SOURCE INFORMATION START

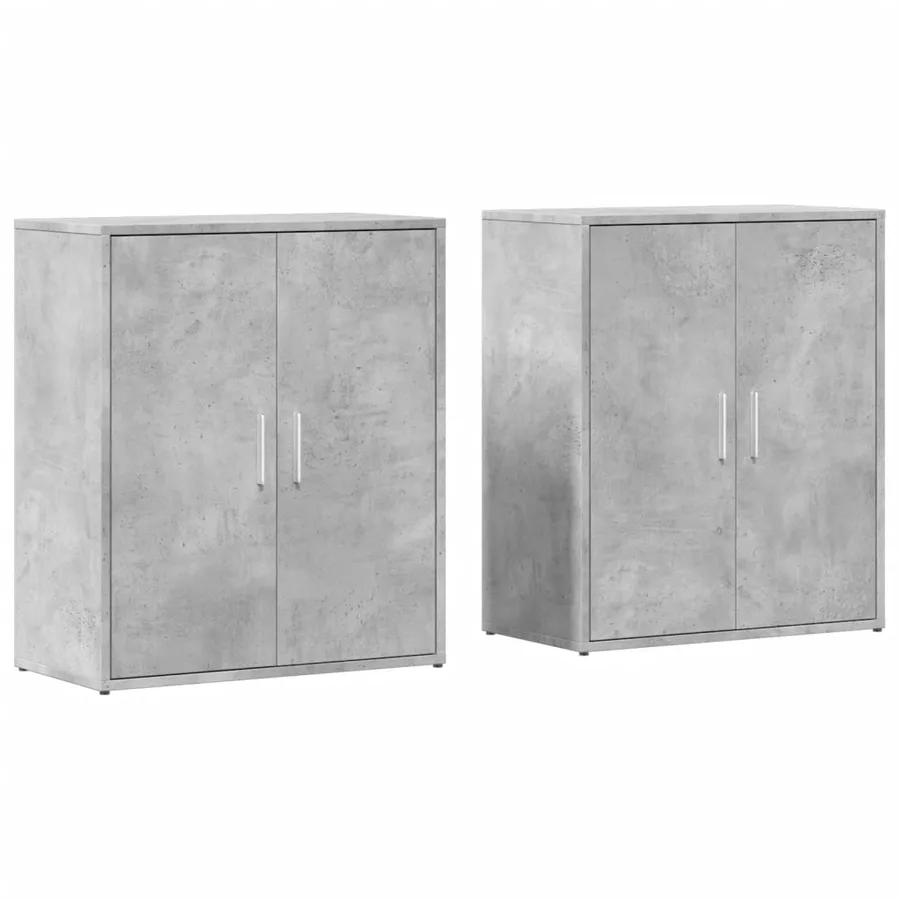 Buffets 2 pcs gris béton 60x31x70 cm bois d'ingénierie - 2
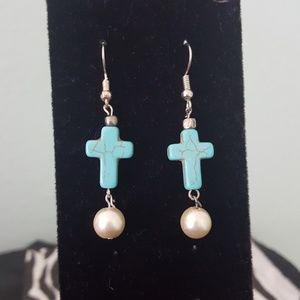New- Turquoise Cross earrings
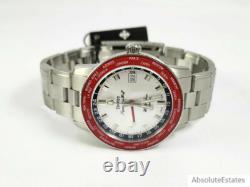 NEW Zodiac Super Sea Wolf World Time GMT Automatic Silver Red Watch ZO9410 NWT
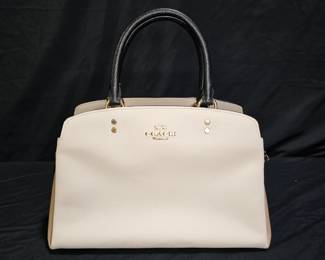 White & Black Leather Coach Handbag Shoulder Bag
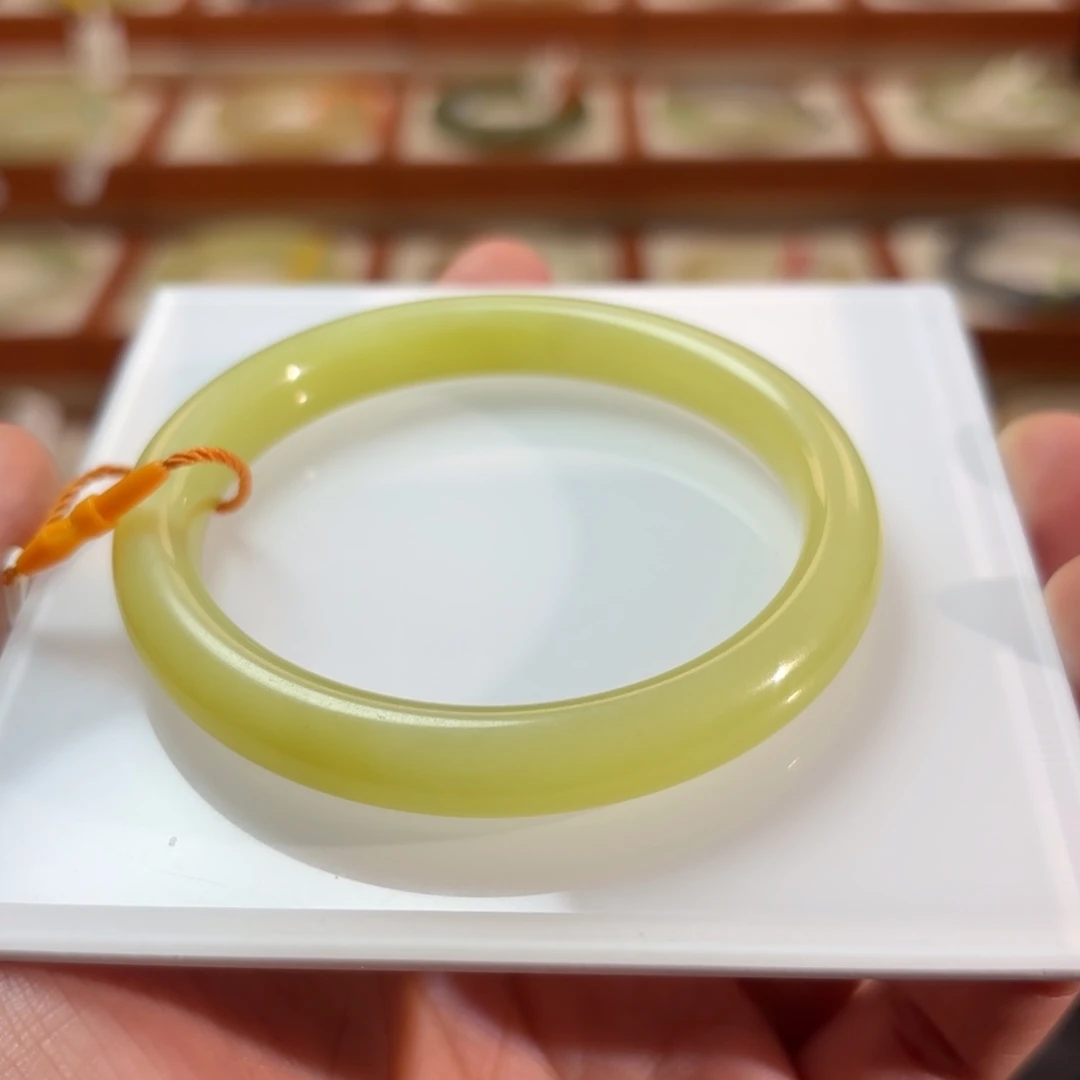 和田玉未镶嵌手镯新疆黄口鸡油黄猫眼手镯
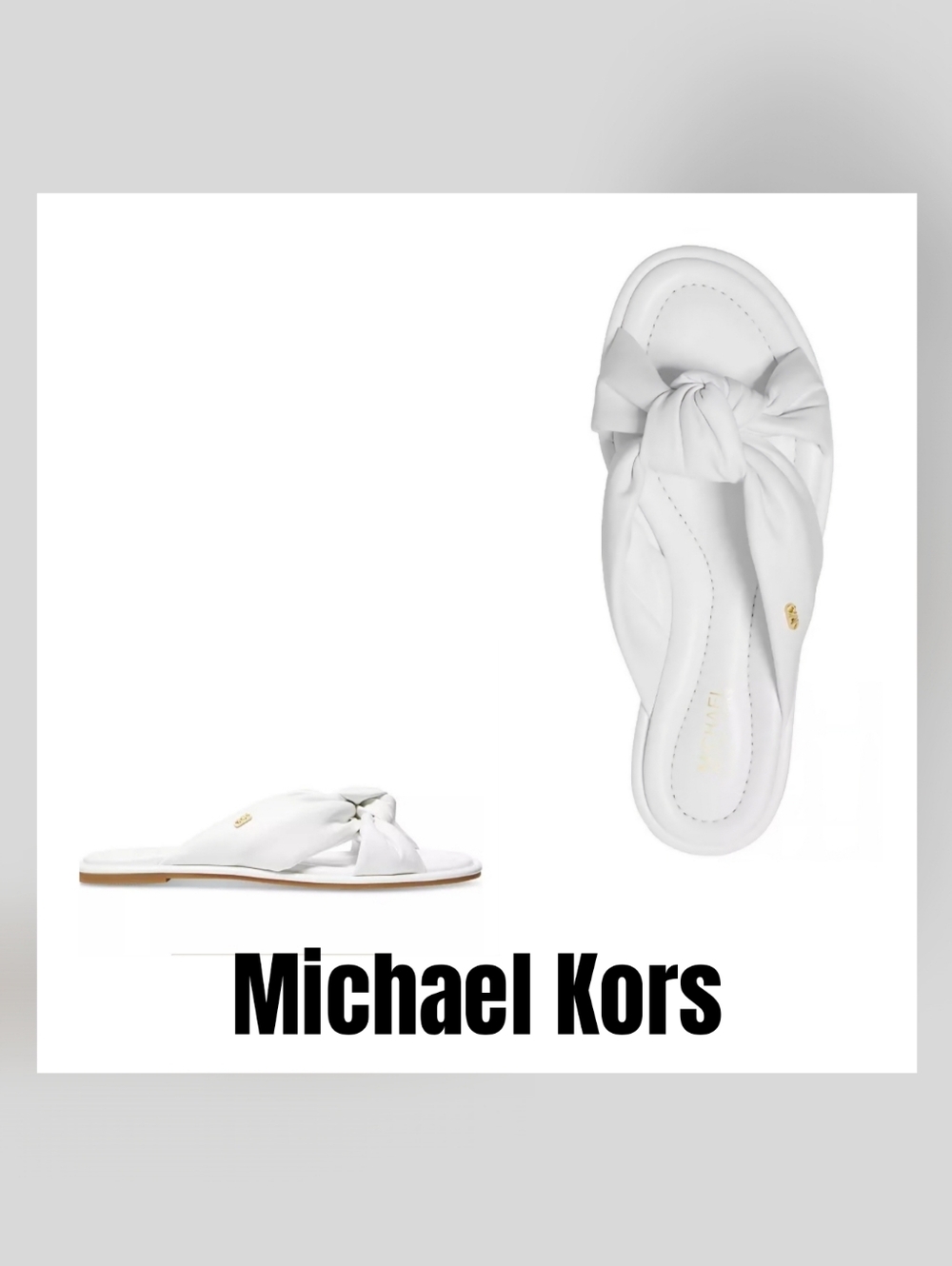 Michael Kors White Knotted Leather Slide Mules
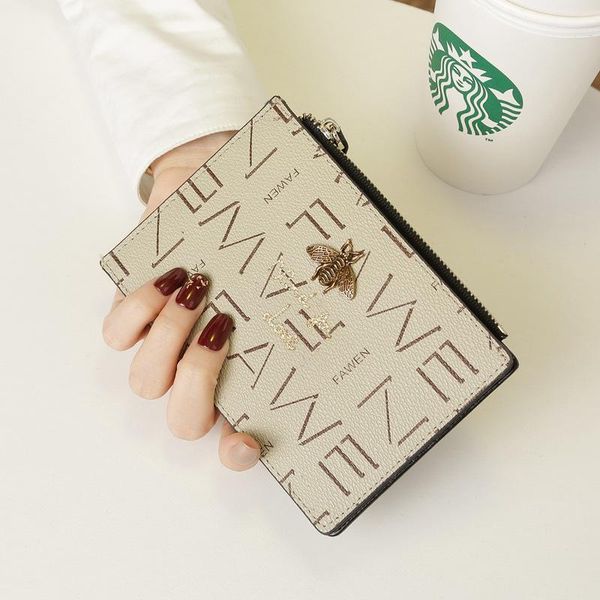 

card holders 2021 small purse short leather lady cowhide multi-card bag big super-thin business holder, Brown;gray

SOURCE INFORMATION END

WHAT THE EXERCISE ASKS: Set the pictures aside and transcribe exactly the stretch of lines above, beginning with the one holding "New- Turquoise Cross earrings" and ending with the one holding "Michael Kors White".

EXPECTED ANSWER:
New- Turquoise Cross earrings
 NEW Zodiac Super Sea Wolf World Time GMT Automatic Silver Red Watch ZO9410 NWT
 White & Black Leather Coach Handbag Shoulder Bag
 和田玉未镶嵌手镯新疆黄口鸡油黄猫眼手镯
 Michael Kors White Knotted Leather Slide Mules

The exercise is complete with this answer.